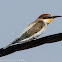 Bee-eater; Abejaruco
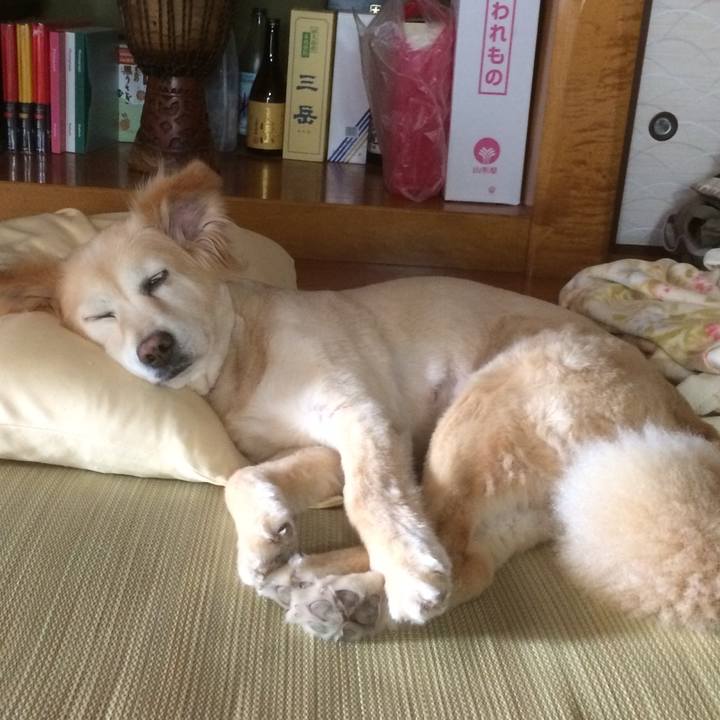 Ef00982d 4e84 455f 8f1a d9552c3c1000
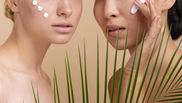 Minunea verde. Aloe Vera și beneficiile nebănuite pentru sănătate și frumusețe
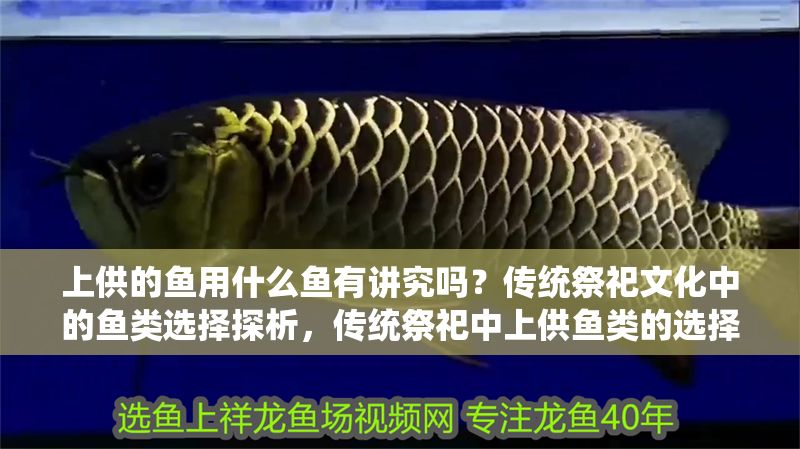 上供的魚用什么魚有講究嗎？傳統祭祀文化中的魚類選擇探析，傳統祭祀中上供魚類的選擇講究與文化探析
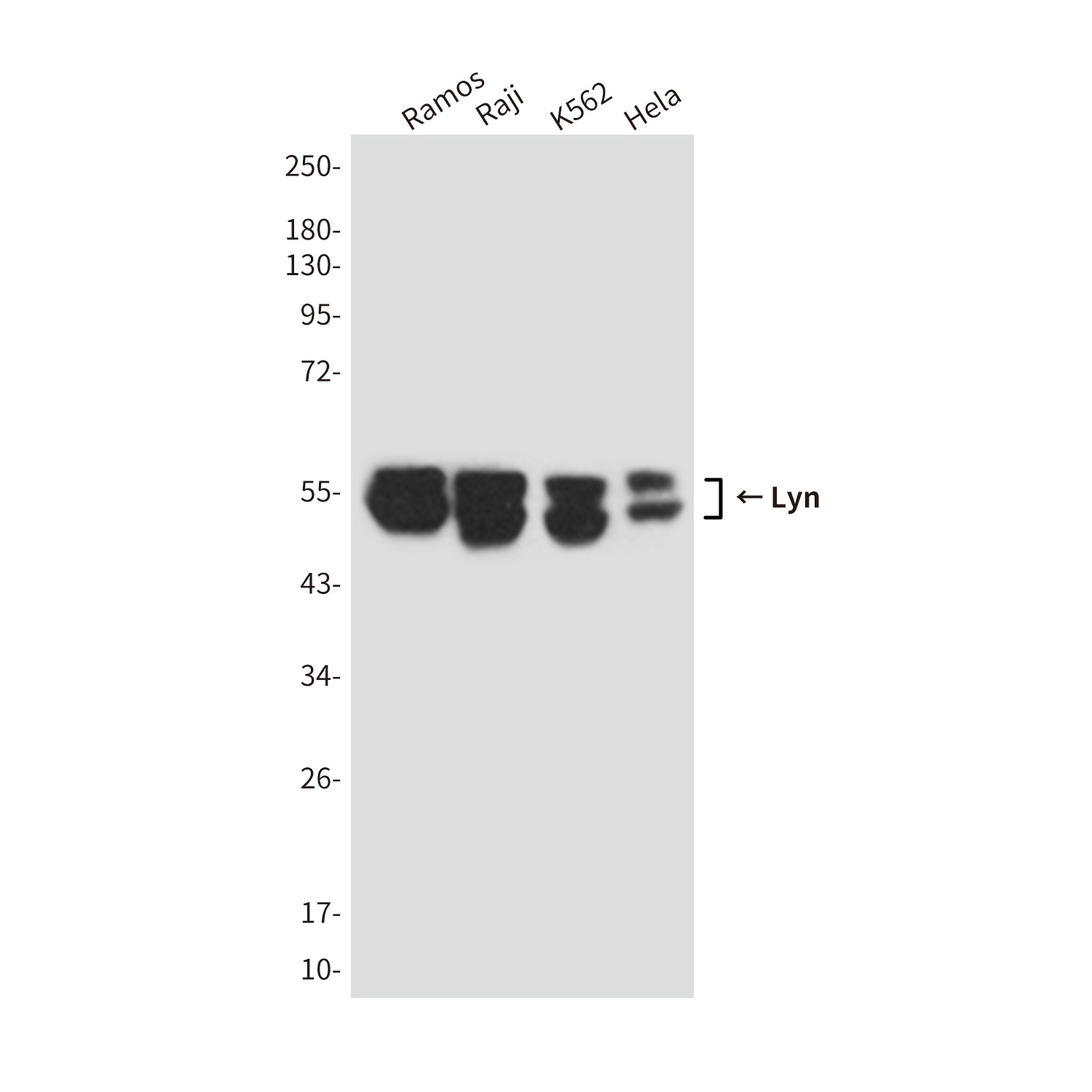 Lyn (1C8) Mouse mAb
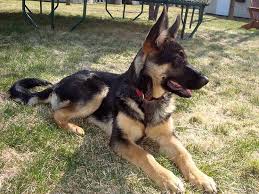 Il cane da pastore tedesco, comunemente abbreviato in pastore tedesco, talvolta detto anche cane alsaziano, cane lupo e cane poliziotto, secondo la classificazione cinologica fci risponde allo standard nr. Pastore Tedesco Femmina Pastore Tedesco Caratteristiche Femmina Pastore Tedesco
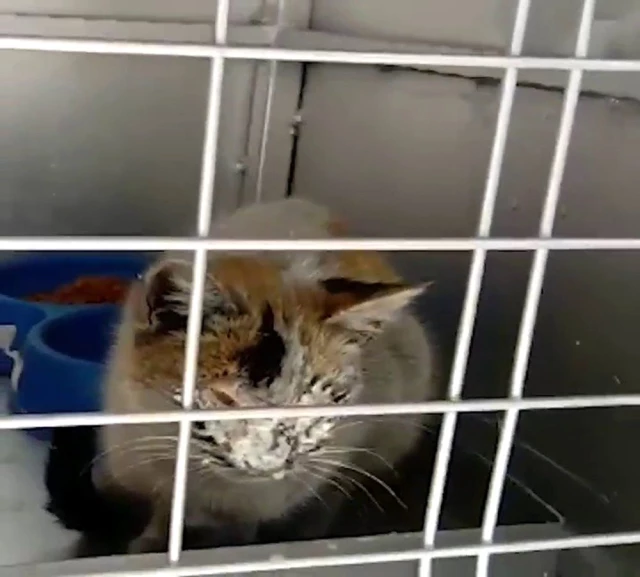 12 gün sonra enkazdan kurtarılan kedi için duygusal paylaşım Son Dakika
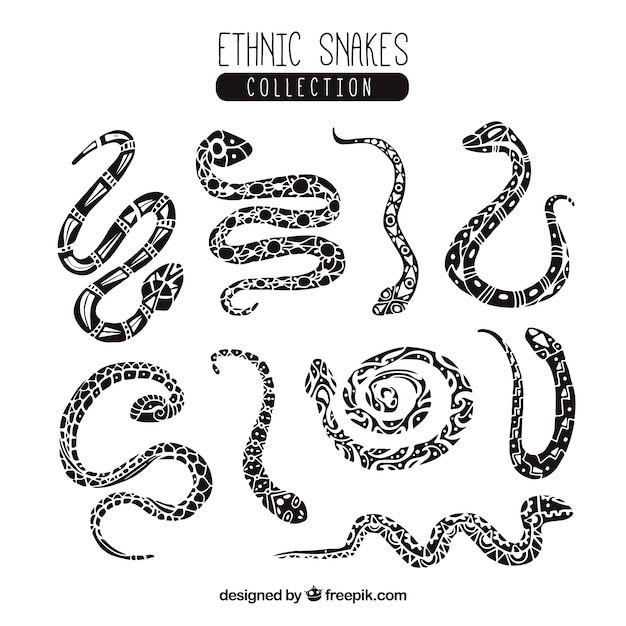 Set of ethnic hand drawn snakes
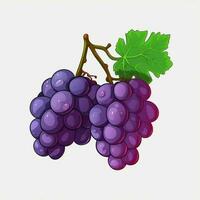 Grapes 2d vector illustration cartoon in white background photo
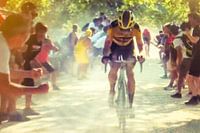 Wout van Aert wins the Strade Bianche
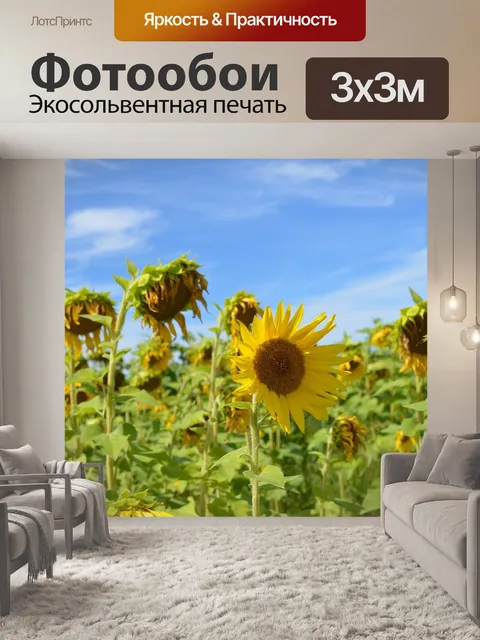 Фотообои Подсолнухи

________________

DIRECTIONS: Omit the pictures. Write out exactly the lines from the one containing "Ef00982d 4e84 455f 8f1a d9552c3c1000" through the last line of the entries, both of them included.

RESPONSE FOR THIS EXERCISE:
 Ef00982d 4e84 455f 8f1a d9552c3c1000
 Minunea verde. Aloe Vera și beneficiile nebănuite pentru sănătate și frumusețe
 上供的魚用什么魚有講究嗎？傳統祭祀文化中的魚類選擇探析，傳統祭祀中上供魚類的選擇講究與文化探析
 Lyn (1C8) Mouse mAb
 Il cane da pastore tedesco, comunemente abbreviato in pastore tedesco, talvolta detto anche cane alsaziano, cane lupo e cane poliziotto, secondo la classificazione cinologica fci risponde allo standard nr. Pastore Tedesco Femmina Pastore Tedesco Caratteristiche Femmina Pastore Tedesco
 12 gün sonra enkazdan kurtarılan kedi için duygusal paylaşım Son Dakika
 Set of ethnic hand drawn snakes
 Grapes 2d vector illustration cartoon in white background photo
 Wout van Aert wins the Strade Bianche
 Фотообои Подсолнухи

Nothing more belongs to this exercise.